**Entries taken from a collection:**
=======

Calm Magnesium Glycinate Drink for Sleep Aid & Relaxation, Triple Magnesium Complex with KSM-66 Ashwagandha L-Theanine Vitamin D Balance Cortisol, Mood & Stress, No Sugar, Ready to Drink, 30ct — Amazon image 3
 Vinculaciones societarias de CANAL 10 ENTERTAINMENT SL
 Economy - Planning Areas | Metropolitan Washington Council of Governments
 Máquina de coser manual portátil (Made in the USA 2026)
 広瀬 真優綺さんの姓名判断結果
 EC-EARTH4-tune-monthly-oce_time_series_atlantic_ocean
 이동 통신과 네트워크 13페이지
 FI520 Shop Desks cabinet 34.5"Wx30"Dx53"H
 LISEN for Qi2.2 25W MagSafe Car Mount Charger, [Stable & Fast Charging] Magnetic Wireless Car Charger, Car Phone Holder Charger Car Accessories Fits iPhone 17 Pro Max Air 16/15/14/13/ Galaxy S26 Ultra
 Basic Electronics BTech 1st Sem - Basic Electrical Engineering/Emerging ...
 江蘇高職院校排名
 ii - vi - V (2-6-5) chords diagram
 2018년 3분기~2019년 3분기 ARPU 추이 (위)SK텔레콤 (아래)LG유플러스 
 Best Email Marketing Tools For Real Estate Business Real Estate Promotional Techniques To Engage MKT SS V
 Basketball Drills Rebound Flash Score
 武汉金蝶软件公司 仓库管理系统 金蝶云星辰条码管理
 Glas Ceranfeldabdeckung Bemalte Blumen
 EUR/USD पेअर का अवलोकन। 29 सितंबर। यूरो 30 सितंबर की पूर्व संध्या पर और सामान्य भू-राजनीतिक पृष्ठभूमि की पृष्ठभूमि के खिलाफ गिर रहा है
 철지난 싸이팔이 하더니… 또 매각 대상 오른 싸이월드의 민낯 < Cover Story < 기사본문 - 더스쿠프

=======

**TO DO:**
Reproduce the line containing "広瀬 真優綺さんの姓名判断結果" and every line after it. Stop at the last line of the records, and add nothing.

**ANSWER SPACE:**
 広瀬 真優綺さんの姓名判断結果
 EC-EARTH4-tune-monthly-oce_time_series_atlantic_ocean
 이동 통신과 네트워크 13페이지
 FI520 Shop Desks cabinet 34.5"Wx30"Dx53"H
 LISEN for Qi2.2 25W MagSafe Car Mount Charger, [Stable & Fast Charging] Magnetic Wireless Car Charger, Car Phone Holder Charger Car Accessories Fits iPhone 17 Pro Max Air 16/15/14/13/ Galaxy S26 Ultra
 Basic Electronics BTech 1st Sem - Basic Electrical Engineering/Emerging ...
 江蘇高職院校排名
 ii - vi - V (2-6-5) chords diagram
 2018년 3분기~2019년 3분기 ARPU 추이 (위)SK텔레콤 (아래)LG유플러스 
 Best Email Marketing Tools For Real Estate Business Real Estate Promotional Techniques To Engage MKT SS V
 Basketball Drills Rebound Flash Score
 武汉金蝶软件公司 仓库管理系统 金蝶云星辰条码管理
 Glas Ceranfeldabdeckung Bemalte Blumen
 EUR/USD पेअर का अवलोकन। 29 सितंबर। यूरो 30 सितंबर की पूर्व संध्या पर और सामान्य भू-राजनीतिक पृष्ठभूमि की पृष्ठभूमि के खिलाफ गिर रहा है
 철지난 싸이팔이 하더니… 또 매각 대상 오른 싸이월드의 민낯 < Cover Story < 기사본문 - 더스쿠프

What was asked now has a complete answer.